Recovery court administrator Adrien Byrd and Superior Court Judge Sohail Mohammed, who presides over criminal courts in Passaic County, praised the graduates for completing the rigorous program.

Pacifico said that through the court initiative she started attending 12-step meetings. The road to recovery was difficult but well worth the effort, she said. Being drug-free has opened exciting horizons in her life, she added.

Pacifico said she now lives with her youngest daughter, 8-year-old Amiera, and often spends time with the daughter whom authorities took away during her addiction: Amiya, who is now 20.

“I have such a sense of relief,” Pacifico said. “Amiya and I go shopping or go out to eat together quite often. She can call me ‘Mom’ again. She is no longer embarrassed to be with me. She is very proud of me that I didn’t give up.”

Another recovery court graduate, 40-year-old James Chinnici, said he passed through the program in 2½ years.

“Some people take five years to graduate,” Chinnici said. “But I didn’t make any mistakes.

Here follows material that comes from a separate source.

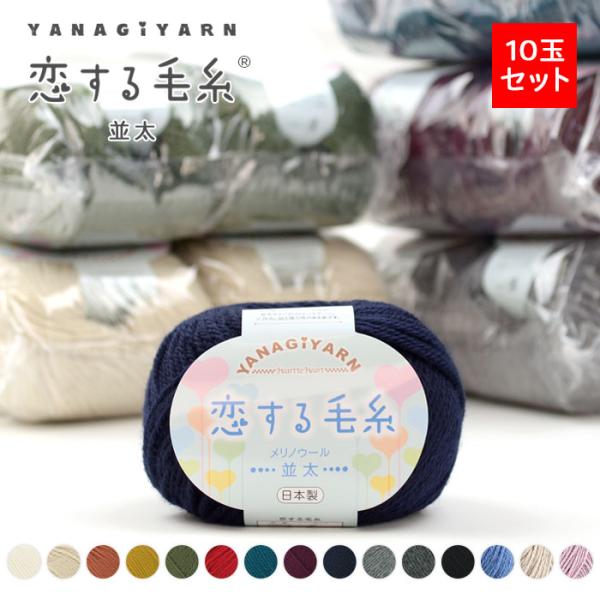 【SALE】毛糸 まとめ買い 10玉 並太 ウール メリノウール / YANAGIYARN(ヤナギヤ...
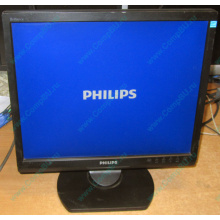 Монитор 17" TFT Philips Brilliance 17S (Наро-Фоминск)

All my fines are paid. I no longer have problems due to having prior sentences.”

During his speech, Chinnici paid special tribute to his mother, Debbie, who said he has always supported him.

Joseph Zonca told the audience how he moved from being incarcerated to owning a landscaping business due to the help and direction he received from recovery court.

“It’s been years since I walked through the doors and did a long stint at the Passaic County Jail,” Zonca said. “It’s amazing what you can do when you are clean and sober.”